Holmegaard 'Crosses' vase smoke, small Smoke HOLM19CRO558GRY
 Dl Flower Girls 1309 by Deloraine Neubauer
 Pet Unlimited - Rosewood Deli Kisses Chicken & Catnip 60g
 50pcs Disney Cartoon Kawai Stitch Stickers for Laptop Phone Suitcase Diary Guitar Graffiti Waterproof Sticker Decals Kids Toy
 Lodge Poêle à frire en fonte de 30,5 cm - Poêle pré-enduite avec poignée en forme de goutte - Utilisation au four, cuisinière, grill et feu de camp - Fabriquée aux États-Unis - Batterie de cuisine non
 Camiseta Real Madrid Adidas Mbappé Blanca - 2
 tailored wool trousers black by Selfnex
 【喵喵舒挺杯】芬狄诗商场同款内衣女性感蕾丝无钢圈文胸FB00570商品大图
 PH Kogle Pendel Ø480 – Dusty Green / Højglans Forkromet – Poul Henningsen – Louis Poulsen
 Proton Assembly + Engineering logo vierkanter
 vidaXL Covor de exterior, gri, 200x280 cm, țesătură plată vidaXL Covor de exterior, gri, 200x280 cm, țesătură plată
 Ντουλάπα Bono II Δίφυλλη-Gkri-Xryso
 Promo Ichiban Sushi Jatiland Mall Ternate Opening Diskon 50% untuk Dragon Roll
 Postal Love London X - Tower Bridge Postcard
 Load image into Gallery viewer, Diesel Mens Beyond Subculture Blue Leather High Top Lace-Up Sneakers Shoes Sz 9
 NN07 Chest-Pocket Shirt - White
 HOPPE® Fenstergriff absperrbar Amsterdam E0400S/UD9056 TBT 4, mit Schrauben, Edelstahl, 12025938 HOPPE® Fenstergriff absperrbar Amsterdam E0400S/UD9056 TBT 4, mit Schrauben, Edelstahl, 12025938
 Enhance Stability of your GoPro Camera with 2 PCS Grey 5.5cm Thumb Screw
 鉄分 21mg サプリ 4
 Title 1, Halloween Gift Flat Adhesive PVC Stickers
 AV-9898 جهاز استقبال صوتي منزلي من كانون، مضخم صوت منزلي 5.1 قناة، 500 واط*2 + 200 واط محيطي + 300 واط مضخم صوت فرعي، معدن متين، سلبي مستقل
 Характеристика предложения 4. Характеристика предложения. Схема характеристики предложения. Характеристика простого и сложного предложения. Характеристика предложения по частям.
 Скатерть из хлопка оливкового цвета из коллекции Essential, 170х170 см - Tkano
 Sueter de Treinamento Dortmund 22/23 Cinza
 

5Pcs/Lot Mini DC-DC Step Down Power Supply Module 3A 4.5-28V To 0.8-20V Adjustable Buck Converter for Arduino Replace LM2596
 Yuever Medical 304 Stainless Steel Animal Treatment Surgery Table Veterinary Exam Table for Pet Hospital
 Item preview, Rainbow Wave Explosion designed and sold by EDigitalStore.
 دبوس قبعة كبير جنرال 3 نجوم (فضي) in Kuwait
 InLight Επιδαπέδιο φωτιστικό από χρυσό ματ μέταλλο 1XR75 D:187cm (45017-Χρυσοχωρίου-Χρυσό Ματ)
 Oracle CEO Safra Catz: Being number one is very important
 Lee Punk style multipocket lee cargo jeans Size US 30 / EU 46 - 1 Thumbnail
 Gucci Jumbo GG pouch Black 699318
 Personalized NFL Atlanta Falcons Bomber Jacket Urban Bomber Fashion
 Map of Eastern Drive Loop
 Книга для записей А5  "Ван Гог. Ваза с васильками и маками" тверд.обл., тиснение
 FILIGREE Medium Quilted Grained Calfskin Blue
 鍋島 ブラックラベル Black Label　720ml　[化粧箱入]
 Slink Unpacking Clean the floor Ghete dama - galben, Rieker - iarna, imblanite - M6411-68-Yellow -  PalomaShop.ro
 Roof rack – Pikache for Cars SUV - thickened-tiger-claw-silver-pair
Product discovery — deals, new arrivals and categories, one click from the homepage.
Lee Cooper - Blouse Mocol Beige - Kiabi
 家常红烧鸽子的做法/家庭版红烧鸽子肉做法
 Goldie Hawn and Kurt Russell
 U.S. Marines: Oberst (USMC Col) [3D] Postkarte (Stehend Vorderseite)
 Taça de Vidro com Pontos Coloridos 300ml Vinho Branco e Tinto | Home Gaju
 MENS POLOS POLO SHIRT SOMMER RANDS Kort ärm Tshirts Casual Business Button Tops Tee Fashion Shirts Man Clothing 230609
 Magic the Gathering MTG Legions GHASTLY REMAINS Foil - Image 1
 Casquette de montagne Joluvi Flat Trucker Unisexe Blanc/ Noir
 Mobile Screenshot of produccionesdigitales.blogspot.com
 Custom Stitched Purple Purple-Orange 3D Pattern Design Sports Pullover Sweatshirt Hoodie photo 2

··········

» Directions for this task: Search the listing above for the string "Flat" and copy each line that has it.

» Reply to the task:
 Title 1, Halloween Gift Flat Adhesive PVC Stickers
 Casquette de montagne Joluvi Flat Trucker Unisexe Blanc/ Noir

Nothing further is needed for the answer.